• [Directions]:
Reproduce, word for word, all of the records; the pictures stay out.

• [Given entries]:
- - - - -

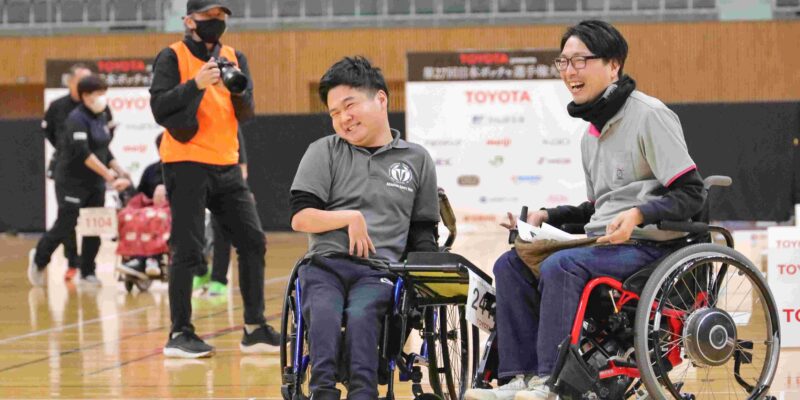 内田峻介（左）。準決勝で激戦を演じた高田信之（ＳＦＣ）と 笑顔で健闘を讃え合う【大阪体育大学】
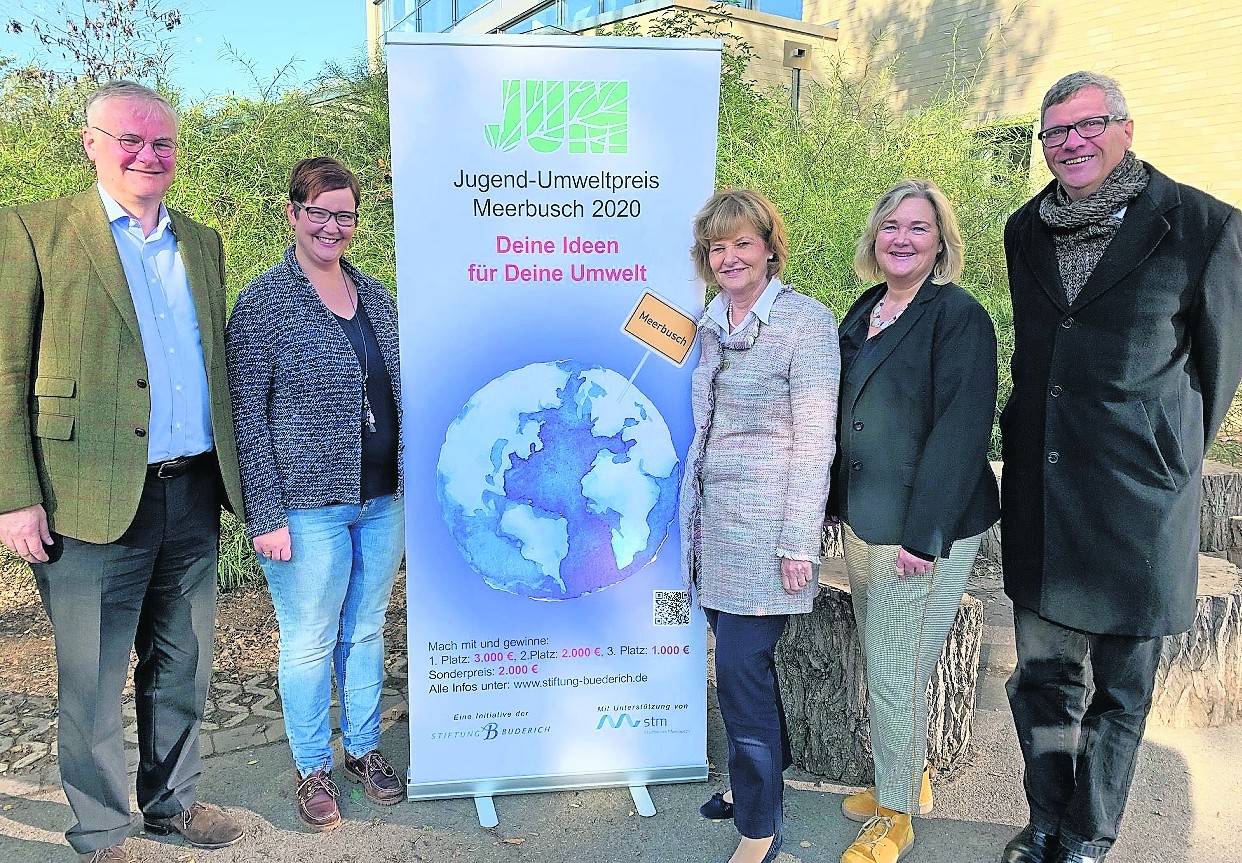 Sie sind gespannt auf die Wettbewerbsbeiträge (von links): Stefan Berzdorf, Jugendreferentin Kerstin Kreuer, Bürgermeisterin Angelika Mielke-Westerlage, Andrea Steffen (Stadtwerke) und Pfarrer Michael Berning.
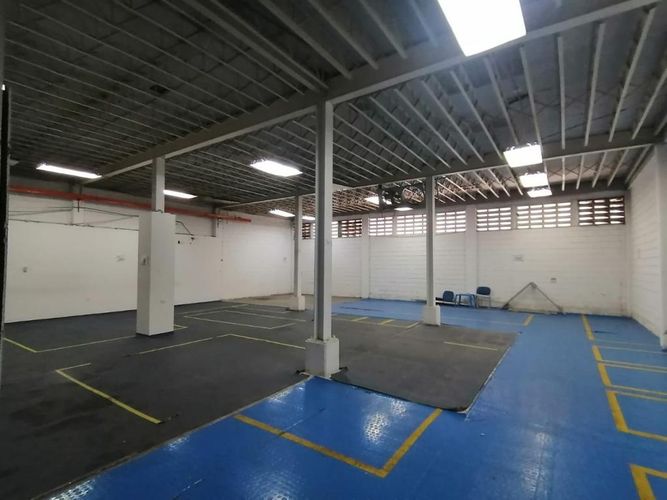 Bodega en arriendo en Cordialidad, Barranquilla, 600 m² · foto 4 de 24
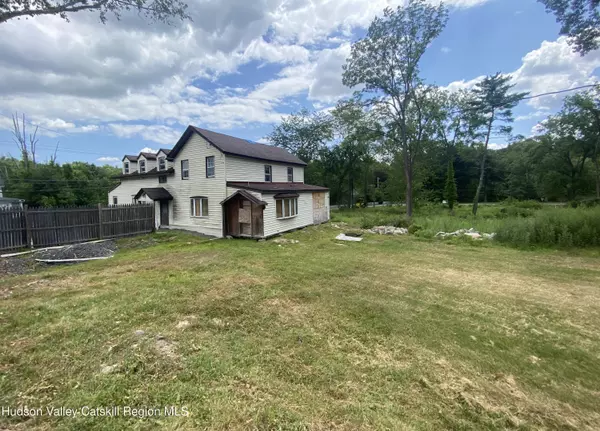 Pine Bush, NY 12566,2823 Ny-52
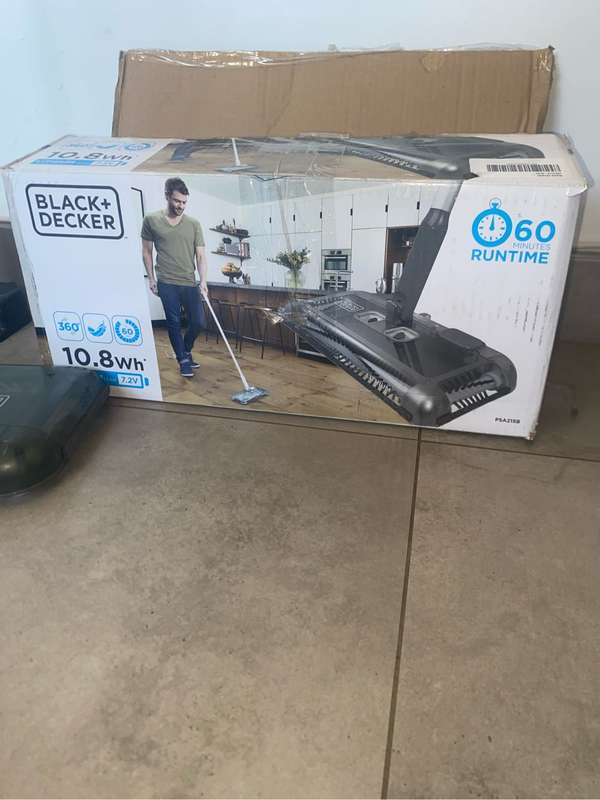 BLACK+DECKER - 10.8WH LITHIUM-ION FLOOR SWEEPER - GREY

- - - - -

• [Reply]:
 内田峻介（左）。準決勝で激戦を演じた高田信之（ＳＦＣ）と 笑顔で健闘を讃え合う【大阪体育大学】
 Sie sind gespannt auf die Wettbewerbsbeiträge (von links): Stefan Berzdorf, Jugendreferentin Kerstin Kreuer, Bürgermeisterin Angelika Mielke-Westerlage, Andrea Steffen (Stadtwerke) und Pfarrer Michael Berning.
 Bodega en arriendo en Cordialidad, Barranquilla, 600 m² · foto 4 de 24
 Pine Bush, NY 12566,2823 Ny-52
 BLACK+DECKER - 10.8WH LITHIUM-ION FLOOR SWEEPER - GREY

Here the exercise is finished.